Too Much Pepper?

More often not, my father and my youngest sister reached for the black pepper shaker at the family table right after grace was said. Breakfast found the rest of us a bit astounded, looking at their yellow mass of eggs covered with tiny black dots. My mother, concerned about what the quantity of pepper was doing to Daddy’s health, mentioned it to their doctor. He said, “Virginia, the salt you add to your food is doing infinitely more harm than Berton’s pepper.” So Mama got out of his business and let him and Ruth pepper their food to their hearts’ content.
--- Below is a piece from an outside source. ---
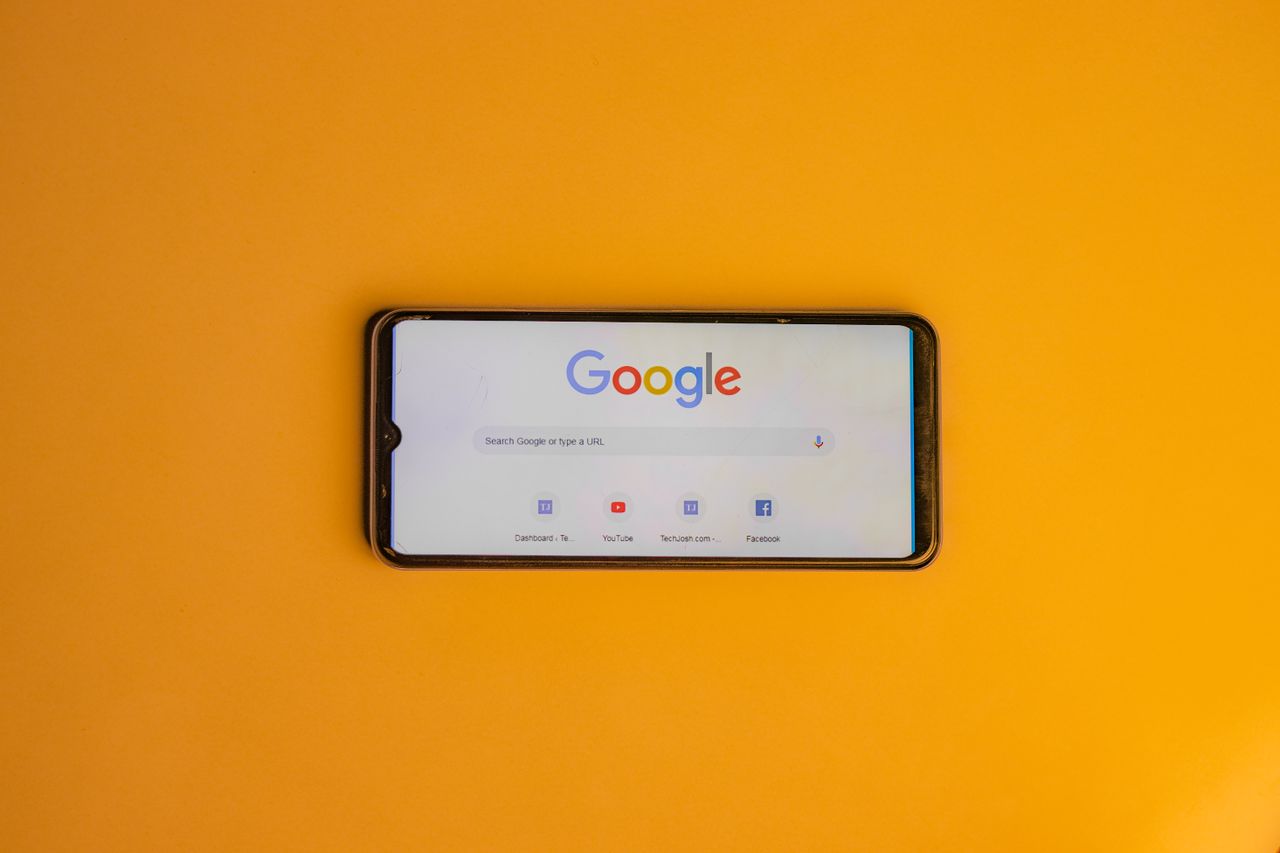 Services-02 Smartphone displaying Google search page on a vibrant yellow background.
You may have noticed that I sometimes make weird connections. Banned Book Week often makes me think of their black pepper. Stay with me, and I think you will see it.

My favorite read aloud book with eighth graders was Lois Lowry’s often banned The Giver. Its principal crime, as far as I can tell, is enticing readers to think. Great discussions ensued as we read the book. I read it to every eighth grade class with no adverse feedback from parents. They either trusted me, were unaware of the “danger” in the book, or wanted their students to learn to reason. I’m fairly sure it was the last. I was gratified this year to learn that one of those students, now a teacher, was planning to use The Giver with her students.

I have trouble with forbidding books. My very conservative mother, as far as I can remember, never told me not to read any book. She did suggest, as Eudora Welty’s mother did, that Elsie Dinsmore was not a very good choice. She thought Elsie was far too sanctimonious to be real. Eudora’s mother thought she was too impressionable to read it and might follow Elsie’s example by falling off the piano stool.

I have no problem with making recommendations to the children or students in your charge, depending on their maturity and ability to handle violence, strong language, or explicit scenes. An eighth grade student introduced me to Angela’s Ashes after she read it on her mother’s recommendation.  In a conversation that included my grown librarian daughter, I once said I couldn’t have imagined recommending that book to her in eighth grade because I didn’t think she would have been ready for it. Tongue in cheek, she responded, “Mom, I read it as an adult, and I wasn’t ready for it.” (I did think the student was ready and appreciated her mother for seeing it.)

Which brings me back to the pepper. When I serve a meal to guests, I may alert them if the food is a bit spicy so they can make a reasoned choice. I think it is equally considerate for reviewers to warn readers if a book may be disturbing to them. After that, I’m for following Mama’s example and backing off as they choose whether or not they want to drown their eggs in black pepper.